Dataset records:

==============================

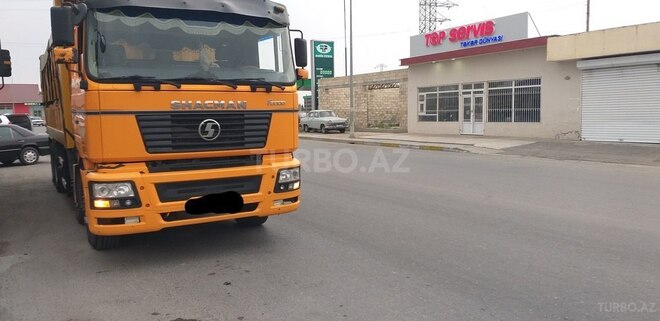 Shacman F2000 2012, 1,234,646 km - 9.0 l - Sabirabad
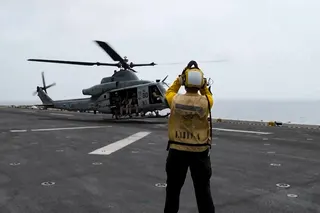 截取自美国中央司令部（CENTCOM）7月25日发布未注明日期的视频截图显示，美国中央司令部所称旨在执行其对伊朗海上封锁的行动。 （图取自美国中央司令部/法新社）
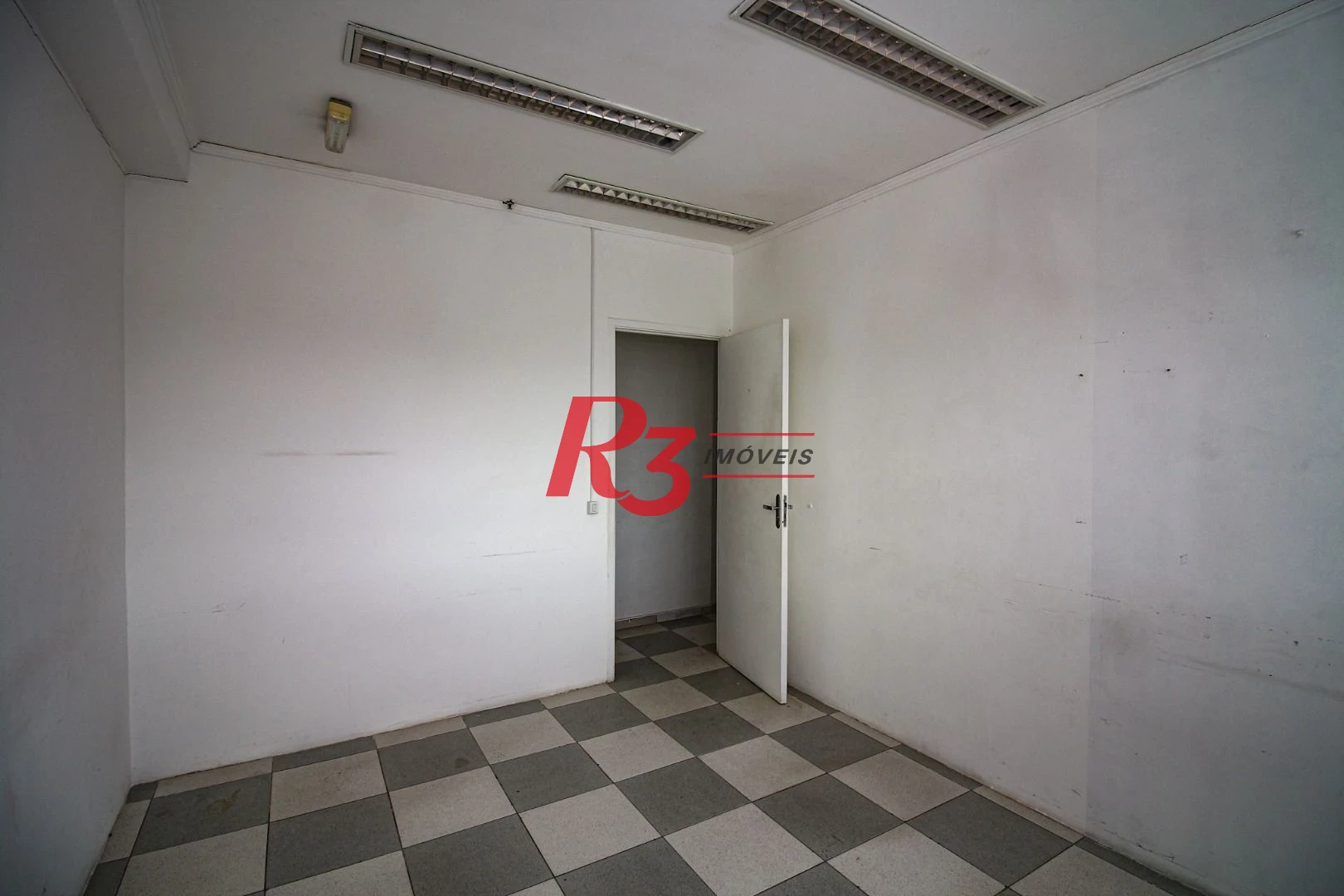 Sala para alugar, 44 m² por R$ 3.000,02/mês - Gonzaga - Santos/SP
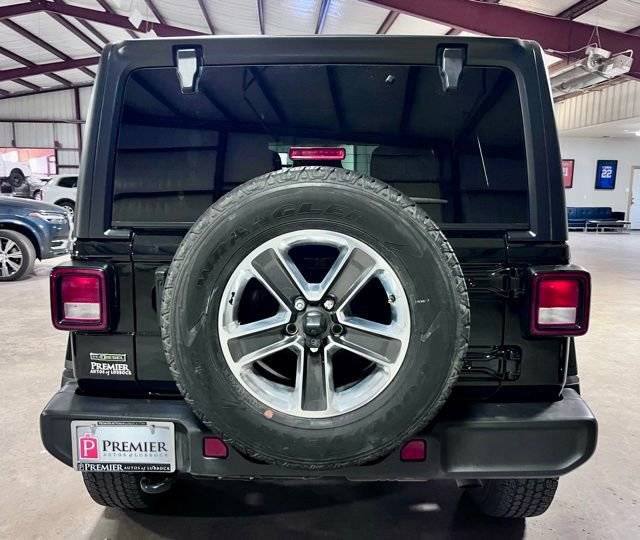 Used 2022 Jeep Wrangler Unlimited Sahara image 4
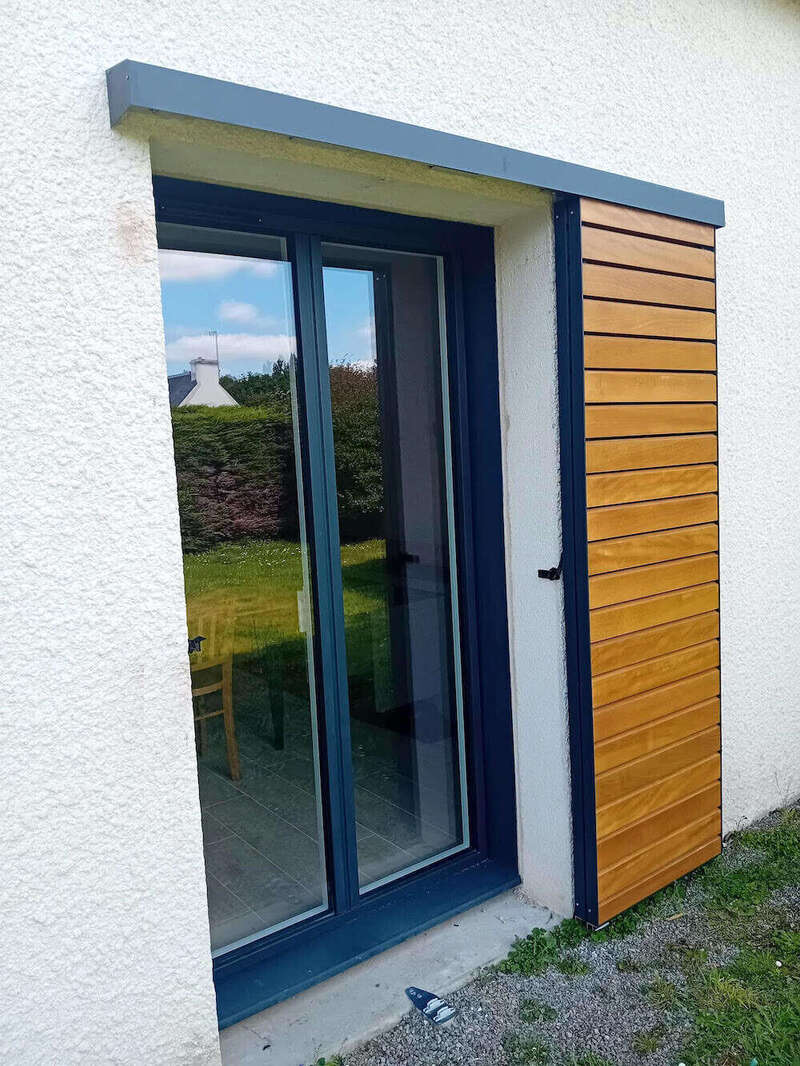 Fenêtre alu avec brise soleil coulissant mixte alu et bois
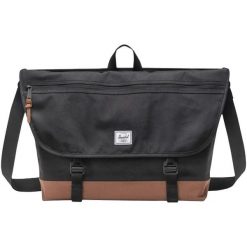 Cove Recycled 22.5L Torba Kurierska. Czarne torebki klasyczne damskie Herschel, bez wzorów, bez dodatków. Za 531.99 zł.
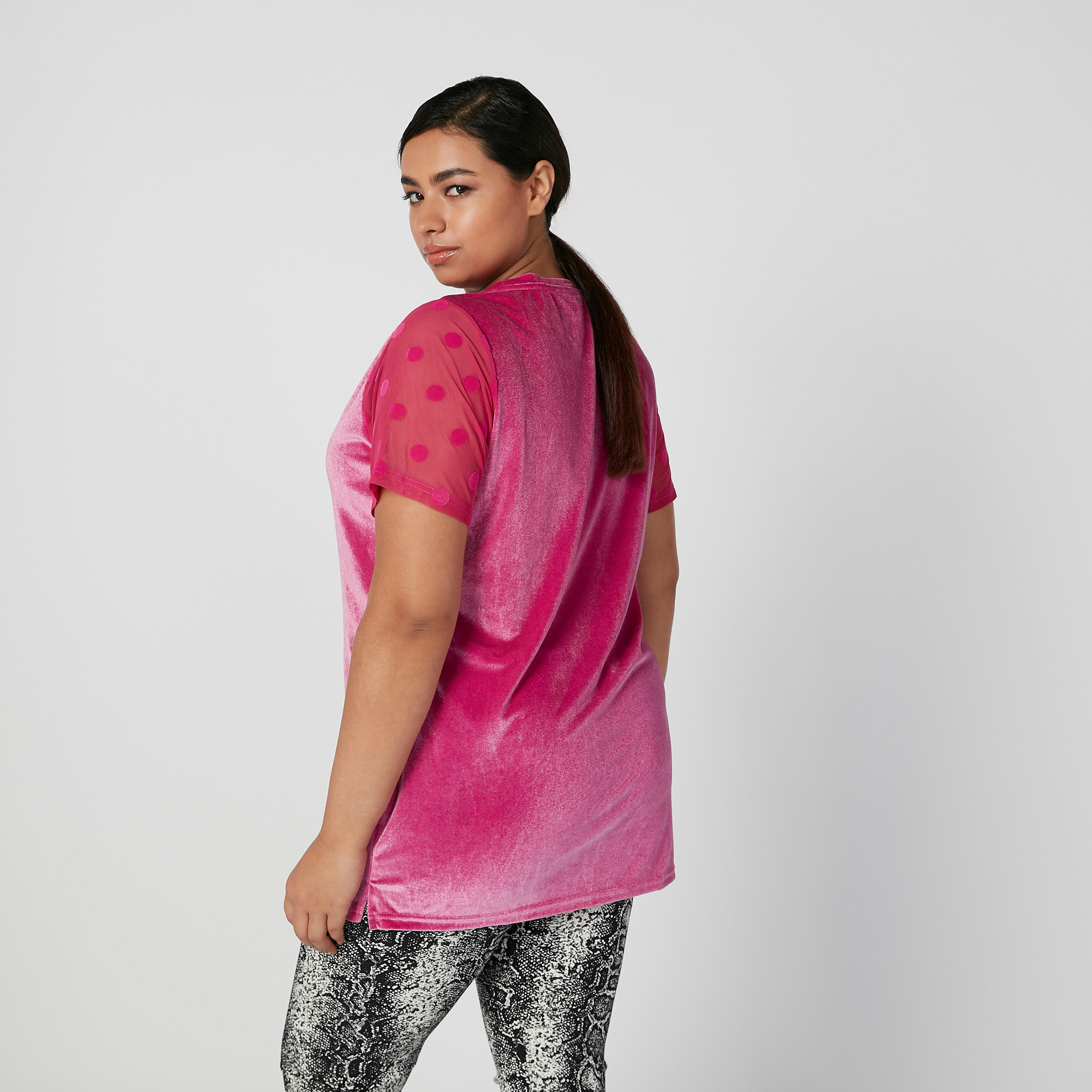 بلوزة بارزة الملمس بياقة مستديرة وأكمام قصيرة بطبعات منقّطة-women-clothing-shirtsandblouses-blouses-image-4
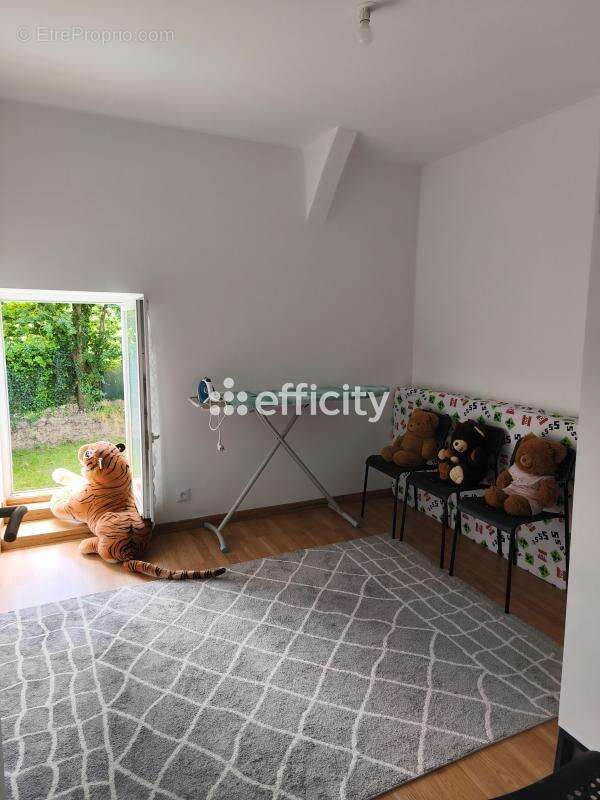 Maison à MINIAC-SOUS-BECHEREL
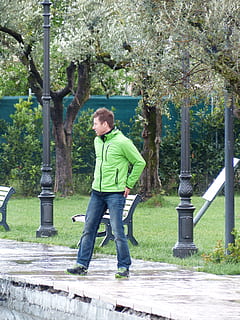 uomo, umano, vento, ventoso, inoltrare, capelli tempestosi, giacca, verde, aspettare, teso, pianta, una persona, lunghezza intera, albero, abbigliamento casual, persone reali, giorno, attività di svago, natura, stili di vita, crescita, vista frontale, ragazzi, uomini, in piedi, giovane adulto, maschi, infanzia, all'aperto, adolescente, ragazzi adolescenti, 4K, CC0, dominio pubblico, privo di copyright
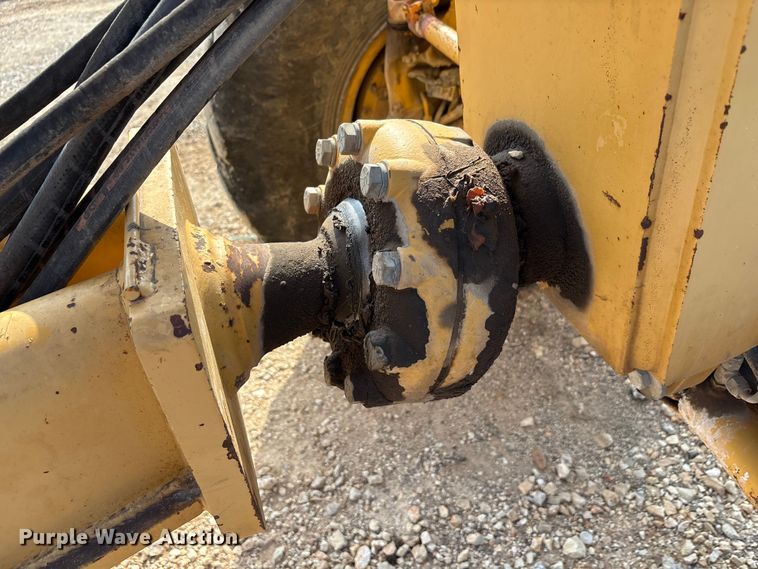 image for item EA7474 2003 John Deere 672CH motor grader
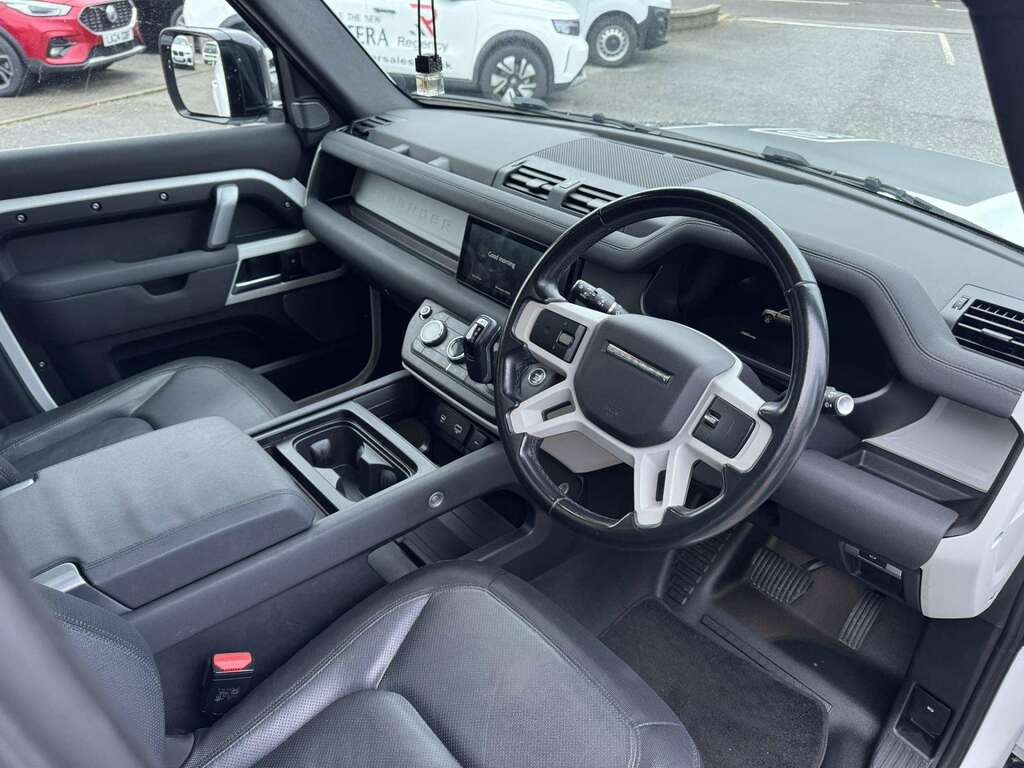 Land Rover Defender 3.0 P400 Xs Edition 110 7 Seat Black #8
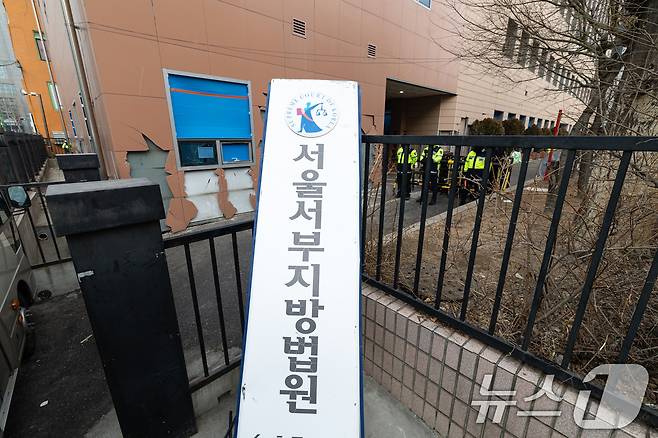 1월 20일 오전 서울 마포구 서울서부지방법원에 윤석열 대통령 지지자들의 난입으로 인한 청사 외벽 파손 흔적 등이 보이고 있다.  2025.1.20/뉴스1 ⓒ News1 이승배 기자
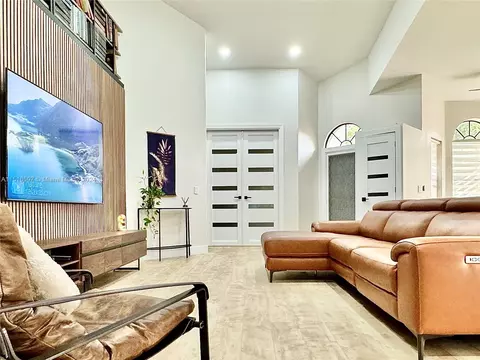 7708 Lexington Club Blvd #A, Delray Beach, FL 33446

==============================

• **Work instructions**: Output the data above without changes, apart from leaving out the pictures.

• **Response to this exercise**:
 Shacman F2000 2012, 1,234,646 km - 9.0 l - Sabirabad
 截取自美国中央司令部（CENTCOM）7月25日发布未注明日期的视频截图显示，美国中央司令部所称旨在执行其对伊朗海上封锁的行动。 （图取自美国中央司令部/法新社）
 Sala para alugar, 44 m² por R$ 3.000,02/mês - Gonzaga - Santos/SP
 Used 2022 Jeep Wrangler Unlimited Sahara image 4
 Fenêtre alu avec brise soleil coulissant mixte alu et bois
 Cove Recycled 22.5L Torba Kurierska. Czarne torebki klasyczne damskie Herschel, bez wzorów, bez dodatków. Za 531.99 zł.
 بلوزة بارزة الملمس بياقة مستديرة وأكمام قصيرة بطبعات منقّطة-women-clothing-shirtsandblouses-blouses-image-4
 Maison à MINIAC-SOUS-BECHEREL
 uomo, umano, vento, ventoso, inoltrare, capelli tempestosi, giacca, verde, aspettare, teso, pianta, una persona, lunghezza intera, albero, abbigliamento casual, persone reali, giorno, attività di svago, natura, stili di vita, crescita, vista frontale, ragazzi, uomini, in piedi, giovane adulto, maschi, infanzia, all'aperto, adolescente, ragazzi adolescenti, 4K, CC0, dominio pubblico, privo di copyright
 image for item EA7474 2003 John Deere 672CH motor grader
 Land Rover Defender 3.0 P400 Xs Edition 110 7 Seat Black #8
 1월 20일 오전 서울 마포구 서울서부지방법원에 윤석열 대통령 지지자들의 난입으로 인한 청사 외벽 파손 흔적 등이 보이고 있다.  2025.1.20/뉴스1 ⓒ News1 이승배 기자
 7708 Lexington Club Blvd #A, Delray Beach, FL 33446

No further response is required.